Oliver Henning, BioNTech's senior vice-president of operations, is quoted saying that the EU's strategy forced businesses into damaging rivalry.

The book says: "Aside from an advance purchase of doses, it would have been useful, says Oliver Hennig, if the bloc had said: ‘Okay, we will buy enough fill-and-finish capacity for our region, and we’ll give it to whoever is leading.’ Instead, companies had been left to compete over limited resources."

The EU also took longer than other countries to approve the jab, which has since become the mainstay of its vaccine rollout.

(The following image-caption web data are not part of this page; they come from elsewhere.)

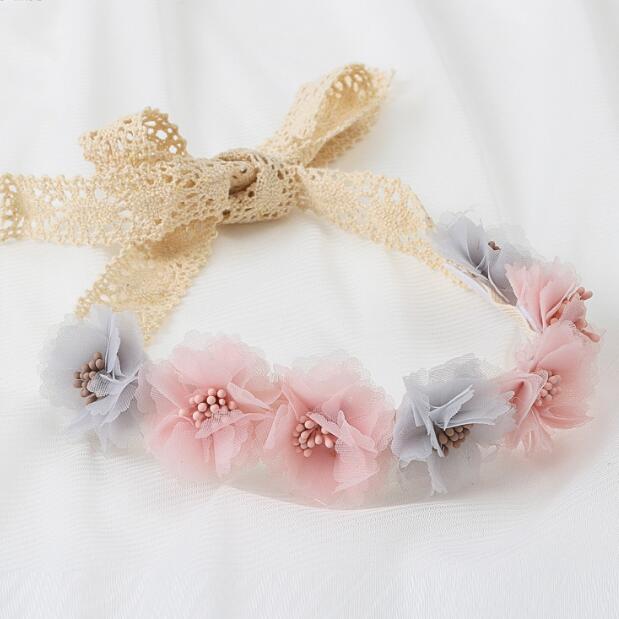 ベビー用★ヘアバンド★可愛い★髪飾り★子供用★ヘアアクセサリー★撮影道具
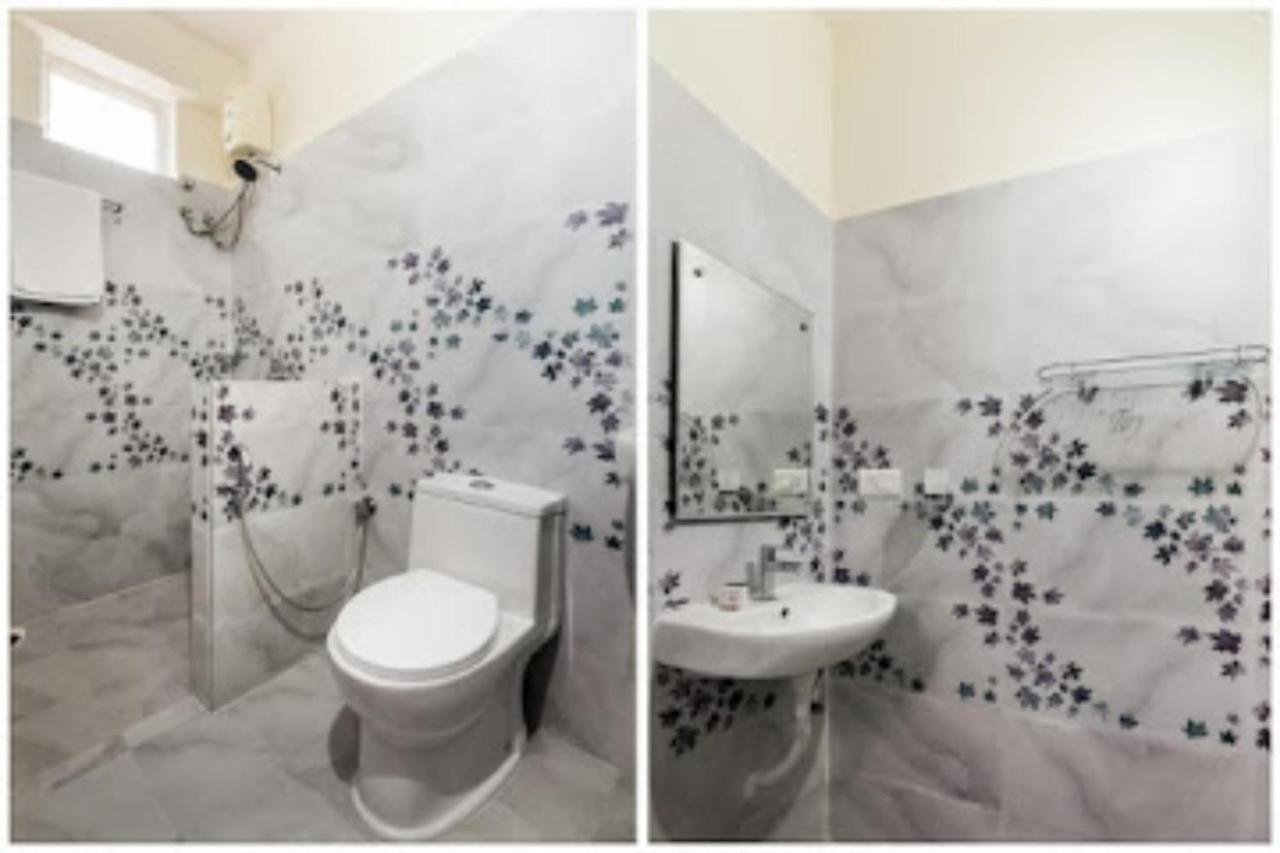 Feel Like -guest House Near Tenneti Park * Visakhapatnam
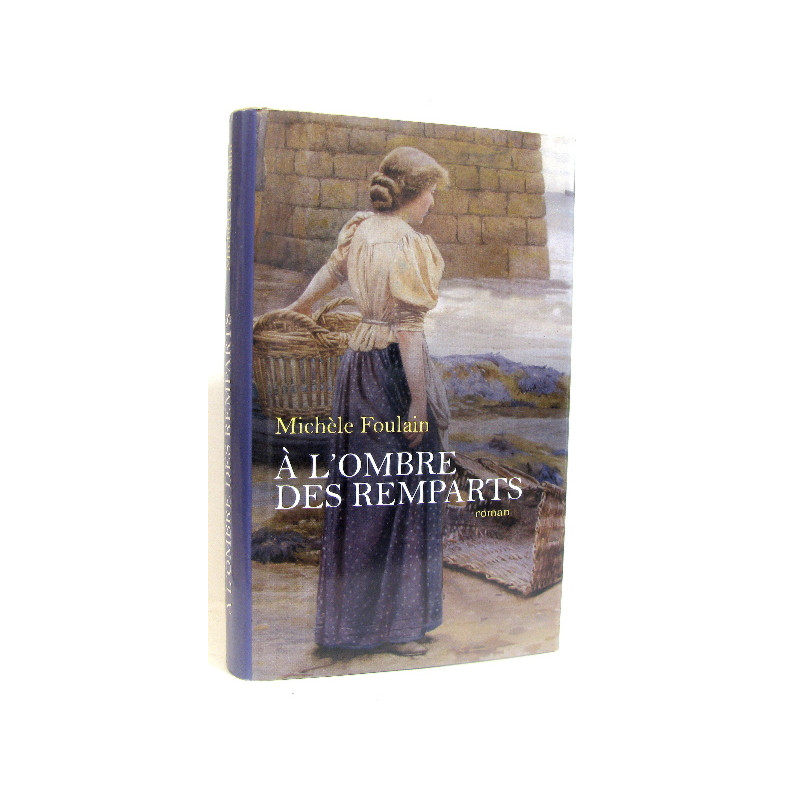 A l'ombre des remparts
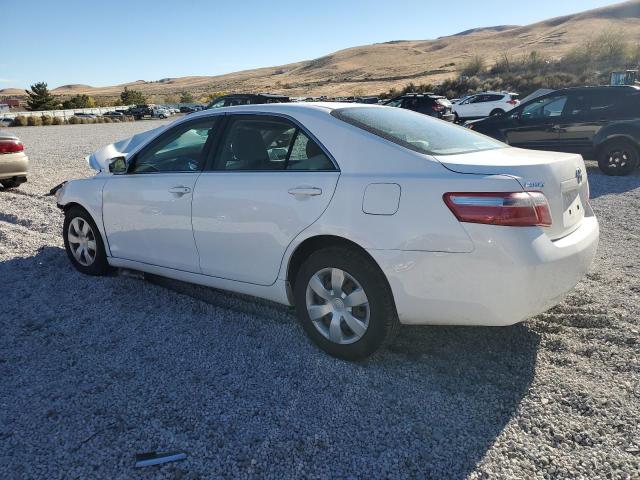 Photo 2 from auction – 2008 TOYOTA CAMRY CE with VIN 4T4BE46K98R041288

The European Medicines Agency suggested it was taking longer than the UK's MHRA as its procedure required more evidence and safety checks.

But Constanze Blume, BioNTech’s vice-president of global regulatory affairs, rejects those claims in the book, saying: "We only had one clinical trial and we only had one or two manufacturing sites – how can we generate different sets of data?"

New criticism of the EU's approach to getting jabs out to member states comes after much speculation over battles in Brussels over the vaccine rollout.

Earlier this year, reports claimed that Emmanuel Macron had sought to block the EU from ordering too many doses of the Pfizer-BioNTech jab due to expectations French vaccine makers may start to play a bigger role in the jab rollout in future.

German politician Karl Lauterbach tweeted: "The French insisted for the number of [BioNTech/Pfizer] doses to not be too large compared to [the number of Sanofi doses] although this vaccine was far from ready.”

France's minister for European affairs, Clément Beaune, strongly denied those claims, labelling them as "unacceptable and false".